Asymptotic expression to $e^{-k^2/2n}$ I want to show that $$\Bigl(1-{k\over n}\Bigr)^{-(1+n-k)/2}\Bigl(1+{k\over n}\Bigr)^{-(1+n+k)/2}$$ is asymptotic to $e^{-k^2/2n}$.
I, in my earlier post, was satisfied with the given answer.
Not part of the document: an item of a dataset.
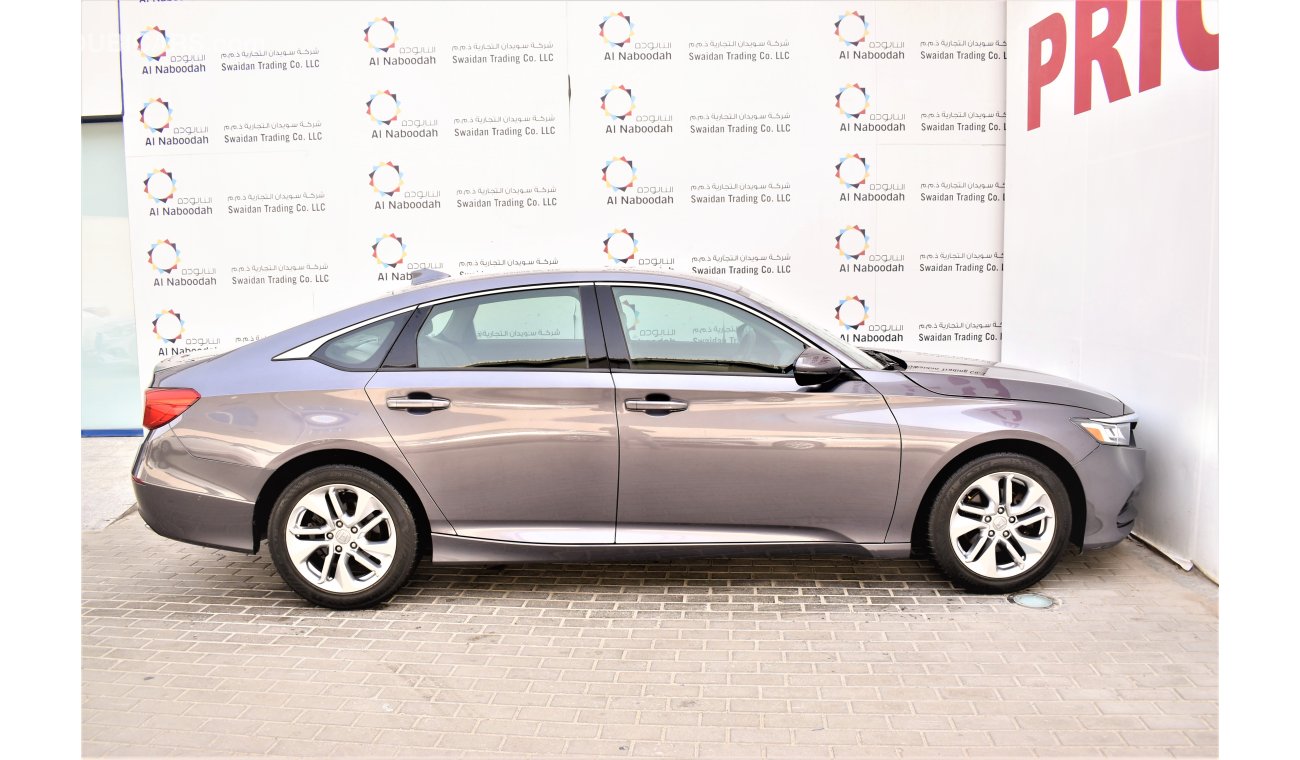 Honda Accord | AED 1760 PM | 0% DP | 1.5 TURBO LXI 2019 GCC DEALER WARRANTY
But only now I noticed that the answer provided has a flaw since though it claims to produce $e^{-k^2/2n}$, it actually produces $e^{-k^2/n}$.
Any thoughts?
 A: You have 
\begin{align}
\Bigl(1-{\tfrac kn}\Bigr)^{-\frac{1+n-k}2}\Bigl(1+{\tfrac kn}\Bigr)^{-\frac{1+n+k}2}
&=
\exp\left[-\tfrac{1+n-k}2\,\log\left(1-\tfrac kn\right)-\tfrac{1+n+k}2\,\log\left(1+\tfrac kn\right)\right]\\ \ \\
&=\exp\left[-\tfrac{1+n-k}2\,\left(-\tfrac kn-\tfrac{k^2}{2n^2}+o(\tfrac{k^3}{n^3})\right)-\tfrac{1+n+k}2\, \left(\tfrac kn-\tfrac{k^2}{2n^2}+o(\tfrac{k^3}{n^3})\right)\right]\\ \ \\
&=\exp\left[-\tfrac{1+n-k}2\,\left(-\tfrac kn-\tfrac{k^2}{2n^2}+o(\tfrac{k^3}{n^3})\right)-\tfrac{1+n+k}2\, \left(\tfrac kn-\tfrac{k^2}{2n^2}+o(\tfrac{k^3}{n^3})\right)\right]\\ \ \\
&=\exp\left[-\tfrac{k^2}n+(1+n)\tfrac{k^2}{2n^2}+o(\tfrac1{n^2}) \right]\\ \ \\
&=\exp\left[-\tfrac{k^2}{2n}+\tfrac{k^2}{2n^2}+o(\tfrac1{n^2}) \right]\\ \ \\
&=\exp\left[-\tfrac{k^2}{2n}+o(\tfrac1{n^2}) \right]\\ \ \\
\end{align}
A: $$y=\Bigl(1-{k\over n}\Bigr)^{-(1+n-k)/2}\Bigl(1+{k\over n}\Bigr)^{-(1+n+k)/2}$$
$$\log(y)=-\frac{1+n-k}2 \log\Bigl(1-{k\over n}\Bigr)-\frac{1+n+k}2 \log\Bigl(1+{k\over n}\Bigr)$$
Use the Taylor expansions of $\log\Bigl(1\pm{k\over n}\Bigr)$; replace, expand and simplify.  You should arrive at
$$\log(y)=-\frac{k^2}{2n}+\frac{k^2}{2n^2}+\cdots$$ making $$y \sim e^{-\frac{k^2}{2n}}$$
A: Letting $f=1+a_n$ and $g=b_n$ in this answer, we get the following
Lemma: Suppose that $\lim\limits_{n\to\infty}a_n=0$ and $\lim\limits_{n\to\infty}a_nb_n=c$, then
$$
\lim_{n\to\infty}(1+a_n)^{b_n}=e^c\tag1
$$

If $\lim\limits_{n\to\infty}\frac{k^2}{2n}=\alpha$, then
$$
\begin{align}
\lim_{n\to\infty}\left(1-\frac kn\right)^{-\frac{n-k+1}2}\left(1+\frac kn\right)^{-\frac{n+k+1}2}
&=\lim_{n\to\infty}\left(1-\frac{k^2}{n^2}\right)^{-\frac{n+1}2}\,\frac{\lim\limits_{n\to\infty}\left(1-\frac kn\right)^{\frac k2}}{\lim\limits_{n\to\infty}\left(1+\frac kn\right)^{\frac k2}}\\
&=e^{\alpha}\,\frac{e^{-\alpha}}{e^\alpha}\\[9pt]
&=e^{-\alpha}\tag2
\end{align}
$$
Which is $\sim e^{-\frac{k^2}{2n}}$.